Why do performance changes require extra steps?

Performance changes must be carefully managed in order to avoid the possibility of an accidental hard fork.

Consider an example of improving performance. The interpreter gets 50% faster (real performance), which is released as a software update. Now, we want to lower the cost model parameters (model performance) so that users will be charged fewer resources for their scripts.

However, the parameter change means that scripts which previously would have exceeded the transaction/block limit become acceptable. The parameter change is not itself a hard fork, because all the nodes accept the new parameters by consensus. But if the model performance tracks real performance well, then nodes which have not adopted the software update may have issues with the real performance of these newly allowed scripts! In the worst case, they might suffer resource exhaustion, preventing them from following the new chain, which is tantamount to a hard fork.

This is a relatively unlikely scenario, since it requires a situation where nodes are close enough to their resource limits that an (effective) regression in real performance of scripts can push them over the edge. Nonetheless, the cautious approach is to not perform such parameter updates until we are sure that all nodes are using a version with the required software update, i.e. after the protocol version has been bumped in a hard fork.

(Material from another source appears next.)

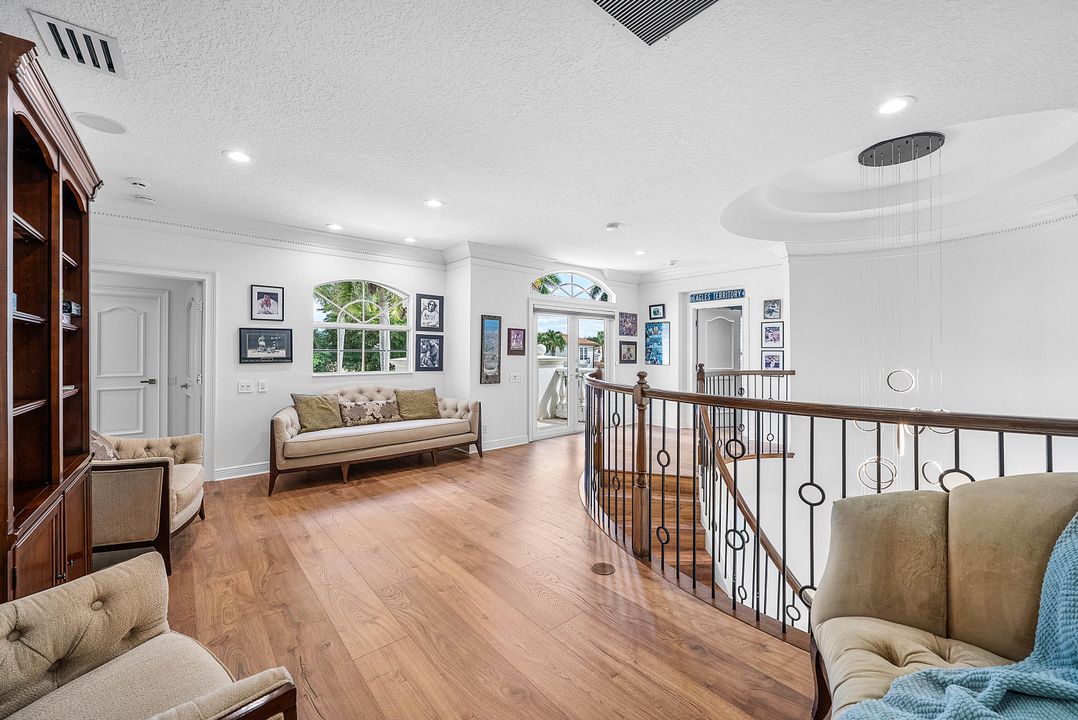 For Sale: $3,495,000 (5 beds, 5 baths, 4497 Square Feet)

Conversely, if (for some reason) we needed to regress the real performance of the interpreter, we should only do this after all the nodes have accepted a regression in model performance (increasing the cost model parameters).

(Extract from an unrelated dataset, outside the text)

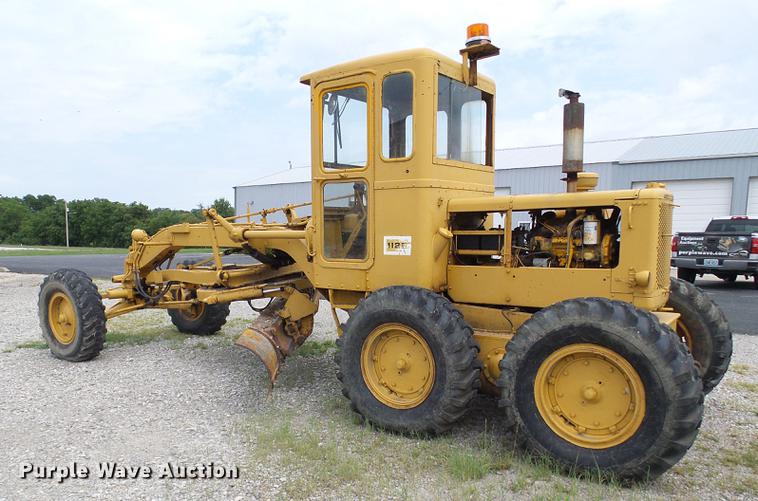 image for item DD8656 Caterpillar 112F motor grader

Why are we concerned about the implementations of builtins being trustworthy?

Builtin functions in Plutus Core are implemented via Haskell functions. Often these implementations come from somewhere else, e.g. a cryptography library written in C.

It is vitally important that these libraries are trustworthy. The Plutus Core package (and hence its dependencies) are linked into the Cardano node. A buffer overrun vulnerability in the implementation of a builtin function could therefore become an attack on a node.

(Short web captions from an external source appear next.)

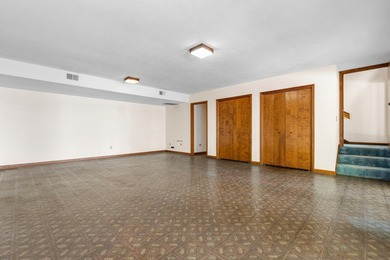 Lakefront Living in LakeBreeze! Thoughtfully designed 4-bedroom - photo 42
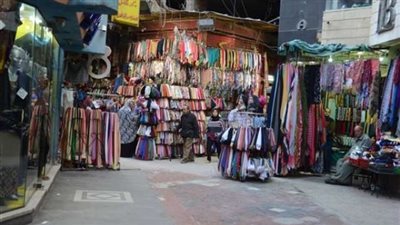 أزمة الكونتينتال.. التطوير يُشرد 6000 عامل والمواطنين يناشدون الرئيس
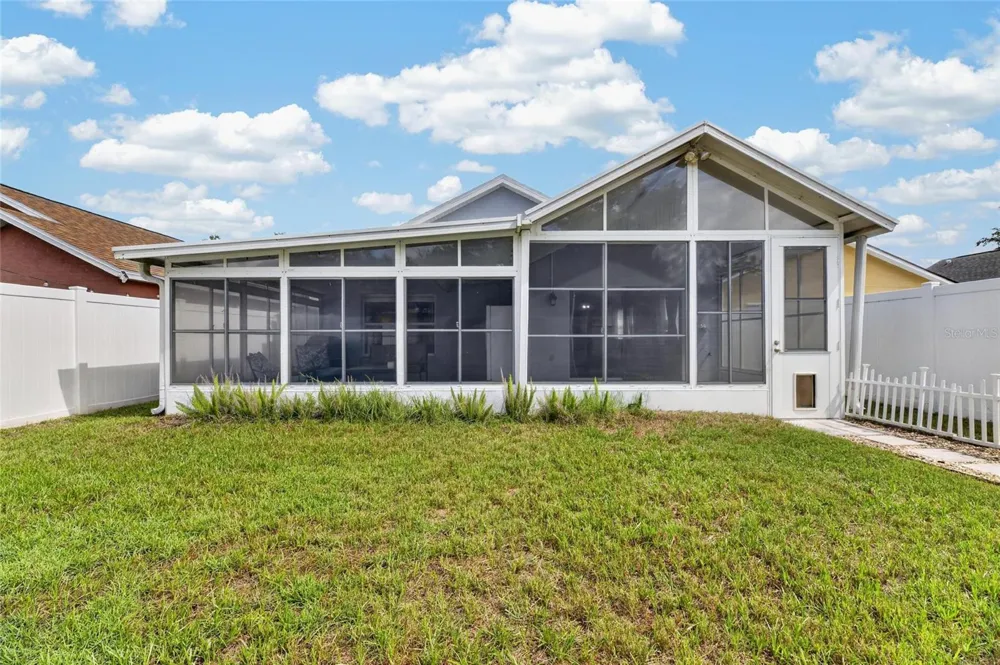 7629 DEVONBRIDGE GARDEN WAY Apollo Beach, FL 33572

Why is the process for new builtins so much more structured?

We expect additions to builtins to be particularly common, and to have lots of interest from the community.

However, the process of adding new builtins is not totally straightforward, due in particular to the need to find a good implementation and to cost it. Surfacing these difficulties quickly is a key goal of this process.

Finally, builtins are a comparatively structured extension point for the language. In comparison, proposals for changes to Plutus Core itself are likely to be much more heterogeneous.

Why are we reluctant to release new ledger language?

Ledger languages incur a large maintenance cost. Each one must continue to work, perfectly, in perpetuity. Furthermore, they may need their own, independent set of cost model protocol parameters, etc.

So it is very desirable to keep the number of ledger languages down. The simplest way to do this is to batch changes, and only release a new ledger language occasionally.

Path to Active

Acceptance Criteria

This CIP requires the acceptance of the Plutus team, which it has in virtue of its authorship.

Implementation Plan

No implementation is required.

This CIP is licensed under CC-BY-4.0.


  1. See "Are backwards-compatible binary format changes really safe?".

  2. The Plutus Core family of ledger languages are sometimes referred to as the Plutus Core ledger language versions, and named as such ("PlutusV1", "PlutusV2" etc.) although they actually entirely distinct languages from the perspective of the ledger. In this document we will use the more precise language and refer to them just as distinct ledger languages.

  3. The binary format change is backwards compatible unless it breaches the limit of how many builtin functions or types can be encoded, in which case that must be changed, forcing a new LL.

  4. See "Why do performance changes require extra steps?".

  5. See "Why do performance changes require extra steps?".